→ **EXTRACTED RECORDS**
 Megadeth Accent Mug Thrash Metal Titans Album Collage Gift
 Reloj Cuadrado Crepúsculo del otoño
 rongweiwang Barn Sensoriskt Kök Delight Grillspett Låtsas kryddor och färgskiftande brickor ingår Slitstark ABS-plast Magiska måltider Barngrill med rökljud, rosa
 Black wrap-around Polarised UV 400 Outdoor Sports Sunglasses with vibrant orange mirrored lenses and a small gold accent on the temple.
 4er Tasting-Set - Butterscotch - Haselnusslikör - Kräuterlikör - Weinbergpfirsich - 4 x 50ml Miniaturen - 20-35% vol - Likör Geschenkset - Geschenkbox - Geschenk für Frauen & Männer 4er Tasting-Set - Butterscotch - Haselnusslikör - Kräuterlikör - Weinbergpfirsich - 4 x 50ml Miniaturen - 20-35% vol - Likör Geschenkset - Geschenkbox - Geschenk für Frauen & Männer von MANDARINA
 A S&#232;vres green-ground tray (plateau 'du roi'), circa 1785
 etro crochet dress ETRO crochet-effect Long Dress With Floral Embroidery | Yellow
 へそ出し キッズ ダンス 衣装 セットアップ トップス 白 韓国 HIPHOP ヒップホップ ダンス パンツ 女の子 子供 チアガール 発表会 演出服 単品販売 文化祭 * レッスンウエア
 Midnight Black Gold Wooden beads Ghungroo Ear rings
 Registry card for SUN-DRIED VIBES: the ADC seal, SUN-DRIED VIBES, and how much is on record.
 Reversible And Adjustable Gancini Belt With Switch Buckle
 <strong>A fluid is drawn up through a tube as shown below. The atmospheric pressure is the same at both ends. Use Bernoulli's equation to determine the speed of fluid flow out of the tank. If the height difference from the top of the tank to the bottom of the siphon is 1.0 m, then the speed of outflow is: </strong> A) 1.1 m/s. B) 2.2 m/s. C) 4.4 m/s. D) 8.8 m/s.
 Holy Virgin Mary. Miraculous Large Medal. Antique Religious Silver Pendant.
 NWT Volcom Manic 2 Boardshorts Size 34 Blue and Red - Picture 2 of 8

→ **EXERCISE**
Set the lines down exactly, from the first line of the records to the line where "etro crochet dress" appears, with both ends kept.

→ **REPLY**
 Megadeth Accent Mug Thrash Metal Titans Album Collage Gift
 Reloj Cuadrado Crepúsculo del otoño
 rongweiwang Barn Sensoriskt Kök Delight Grillspett Låtsas kryddor och färgskiftande brickor ingår Slitstark ABS-plast Magiska måltider Barngrill med rökljud, rosa
 Black wrap-around Polarised UV 400 Outdoor Sports Sunglasses with vibrant orange mirrored lenses and a small gold accent on the temple.
 4er Tasting-Set - Butterscotch - Haselnusslikör - Kräuterlikör - Weinbergpfirsich - 4 x 50ml Miniaturen - 20-35% vol - Likör Geschenkset - Geschenkbox - Geschenk für Frauen & Männer 4er Tasting-Set - Butterscotch - Haselnusslikör - Kräuterlikör - Weinbergpfirsich - 4 x 50ml Miniaturen - 20-35% vol - Likör Geschenkset - Geschenkbox - Geschenk für Frauen & Männer von MANDARINA
 A S&#232;vres green-ground tray (plateau 'du roi'), circa 1785
 etro crochet dress ETRO crochet-effect Long Dress With Floral Embroidery | Yellow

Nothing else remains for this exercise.